Wer auf der Kaiserstraße 37 in Haan aufgewachsen ist, weiß gewiss mehr über die Geschichte Haans im vorigen Jahrhundert als viele andere Menschen. Tatsächlich stand nämlich an dieser Adresse, wo heute das Zentralgebäude der Stadt Sparkasse Haan steht, früher das Elternhaus von Marion Braunschweiger-Heuschkel, die am Sonntagvormittag im Auftrag der VHS Hilden/Haan durch die Haaner Innenstadt führte. Thema des Spaziergangs: Spurensuche nach Frauenschicksalen in Haan - Frauengeschichten eben.

Der Alt-Haanerin folgten viele interessierte Frauen und ein Mann. Anlass dieser Veranstaltung ist der heutige Weltfrauentag. Im 19. Jahrhundert nämlich demonstrierten erstmalig in New York Frauen gegen unzumutbare Arbeitsbedingungen. Marion Braunschweiger-Heuschkel wusste zu berichten, dass um die vorige Jahrhundertwende in einem noch heute existierenden Haus an der Haaner Elberfelder Straße insgesamt 60 bis 80 junge Mädchen aus dem Westerwald untergebracht waren, die als Weberinnen bei Haaner Webereien beschäftigt waren.

Gleichzeitig gab es auf der Kaiserstraße (in der ehemaligen Finanzschule) ein Versorgungshaus für ledige Mütter mit Säuglingen, das von Steyler Missionsschwestern geleitet wurde. Aber auch von Selma Pickhardt war beim "Frauengeschichten -Rundgang" die Rede. Sie war etwa um die gleiche Zeit Wirtin im Becherhus. Emil Barth, der renommierte Haaner Geschichten-Erzähler hatte in seinen Jugenderinnerungen von einer Wirtin gesprochen, die von "Putzteufel und Geiz" besessen war.

Die Männer jedoch schwärmten von der gemütlichen Kneipe, in der man "die Luft mit dem Messer schneiden" konnte. Eine tüchtige Frau jedenfalls muss sie gewesen sein. Und von Karoline Kirschbaum war die Rede, die Bäuerin von Gut Stöcken. Die war verheiratet mit Jakob Litsch. Der war Post-Angestellter und lieferte seine Briefe und Pakete mit einer Schubkarre an die Kunden aus. Das war zuweilen harte Arbeit.

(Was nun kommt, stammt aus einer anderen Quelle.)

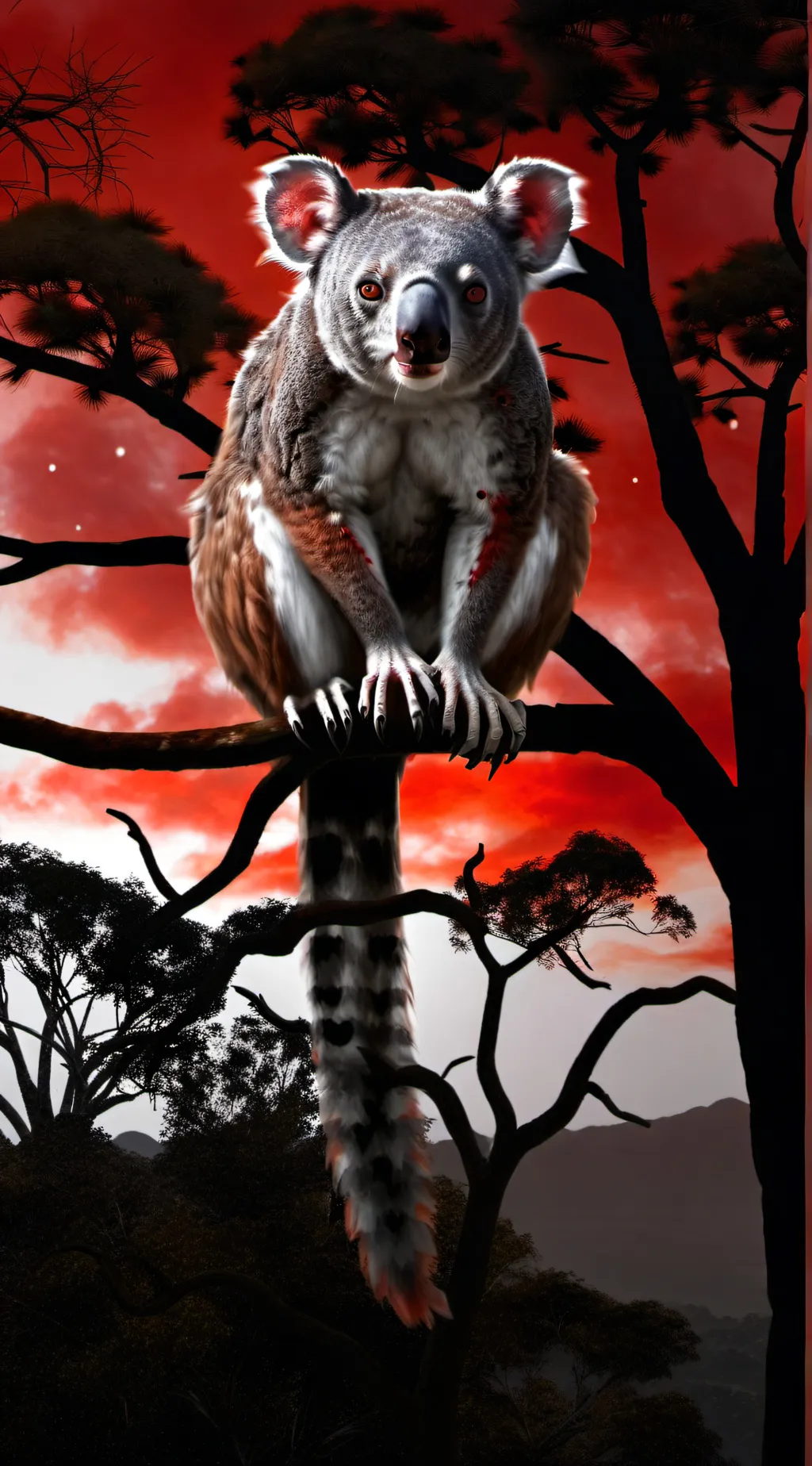 ai character: THE DROP BEAR background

Die kräftige Karoline ließ sich vor die Karre spannen und zog das Gefährt durch den Matsch und vorbei an nahenden Wildschweinrotten.

Diese Geschichte stammt übrigens aus der Feder von Enkel Jakob Litsch (gleicher Name), bekannter Haaner Heimatgeschichten-Erzähler. Wichtiges Thema der Haaner neueren Geschichte, die Marion Braunschweiger-Heuschkel interessant und anschaulich erzählte, war die "Unabhängigkeits-Demo" im Jahre 1974. Weder zu Solingen noch zu Wuppertal wollten Haaner und Gruitener eingemeindet werden. Mehrere Busse wurden gemietet, die Frauen zogen ihre Sonntagskleider an und in Pumps ging es zur Kö und zum Landtag, um zu demonstrieren.

Ein Lied war komponiert worden und "Haan bleibt Haan" wurde hundertfach gesungen. Einige der Rundgang-Teilnehmerinnen waren damals dabei.